Blackfish / White Lies? (Pt. 1): Sorry, I Forgot To Mention, They're All Activists







“Proof of bias is almost always relevant because the jury, as finder of fact and weigher of credibility, has historically been entitled to assess all evidence which might bear on the accuracy and truth of a witness' testimony.”

United States v. Abel, 469 U.S. 45, 52 (1984). 

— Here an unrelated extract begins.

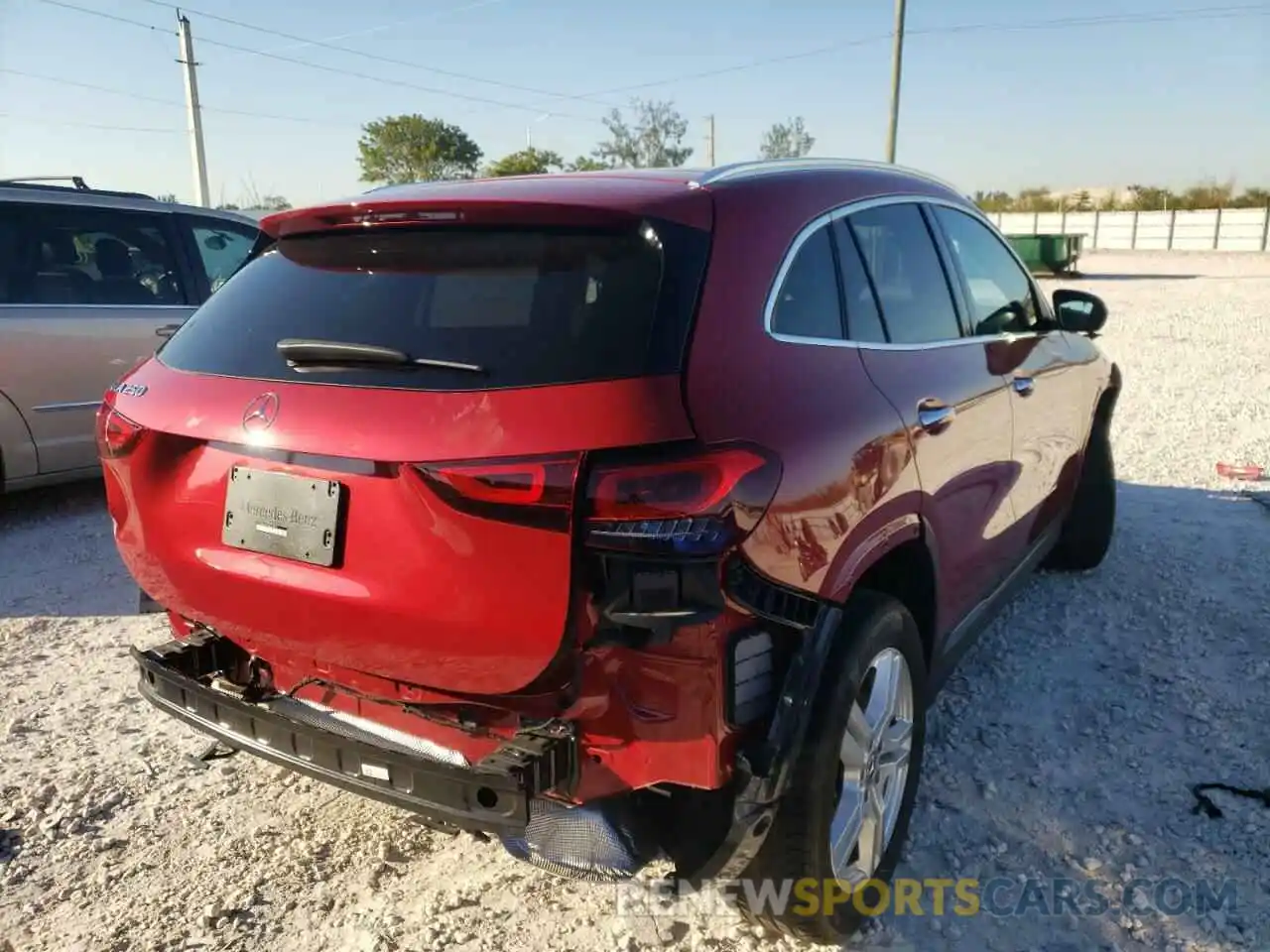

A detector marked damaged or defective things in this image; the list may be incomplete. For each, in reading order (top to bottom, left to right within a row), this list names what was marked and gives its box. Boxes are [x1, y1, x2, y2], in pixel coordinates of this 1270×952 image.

Former Chief Justice of the United States Supreme Court William Rhenquist wrote these words nearly 30 years ago.  They are as true in the Court of Public Opinion as they are in a court of law.  Blackfish has a lot of “testimony” that is presented without any hint of potential bias – quite the opposite actually.  Director Gabriela Cowperthwaite strongly suggests the outright credibility of most of the people who appear in the film.  After all, who better to speak about what is going on with SeaWorld’s whales than a bunch of ex-trainers who spent years working with them?  Who better to explain the science behind orca behavior and biology than experts in the field and a neuroscientist who has studied the brain of a killer whale up close?  Since Blackfish provides no background on any of these individuals, other than what is necessary to establish their credibility, the “jury” in the Court of Public Opinion is left with nothing to assess the true credibility of their “testimony.”  In a court of law, questions of bias are raised through cross examination.  Similarly, in true journalistic pieces, the journalist “cross examines” his or her source by, for example, playing the “devil’s advocate” and challenging them to explain, debunk, or address potential sources of bias.  Cross examination and journalistic honesty are vital tools that allow the audience to decide for themselves whether what is being said is “the truth, the whole truth, and nothing but the truth.”  But in Blackfish, there is no “cross examination” of the "witnesses" the "jury" is expected to believe.  Consequently, it is easy to view Blackfish as telling its story though an objective lens.  But that’s just not the case.

Monday, November 4, 2013

Blackfish / White Lies? (A Prologue)



Click here to read Blackfish / White Lies (An Epilogue):  Responding To Your Comments


In Blackfish, director Gabriela Cowperthwaite has given the world a very effective and compelling piece of film-making.  While I was not able to catch this documentary in the theaters during its limited release last summer, I was able to catch it on CNN earlier this week and, as a lawyer, I am compelled to admit to some appreciation for the work that was done.  Blackfish is disturbing and, at times, difficult to watch.   It makes a compelling visceral argument against killer whale captivity in general and against SeaWorld in particular.  It is a film that stays with you after you watch it.  It is one of the better pieces of advocacy that I’ve seen in recent years, and, particularly given my interest and involvement in this industry, it made me want to read a bit more.  And that’s when I came across this quote from a recent interview given by Ms.Cowperthwaite:

[T]he film is not at all advocating for anything. That’s what some people have a hard time with. [They ask], “Where’s the 1-800 number at the end of the film?” You know, where you need to prescribe something we can do. I deliberately chose not to do that. What I did choose to do was to tell the story, and that’s all I was really equipped to do. … So I really truly believe that I err on the side of the journalistic approach, not the advocacy approach. I think that for me, I had to come to my conclusions by really reviewing the facts.  I kept everybody at bay because [I] didn’t want to be influence[d] by any kind of agenda and I just kind of stuck with the story.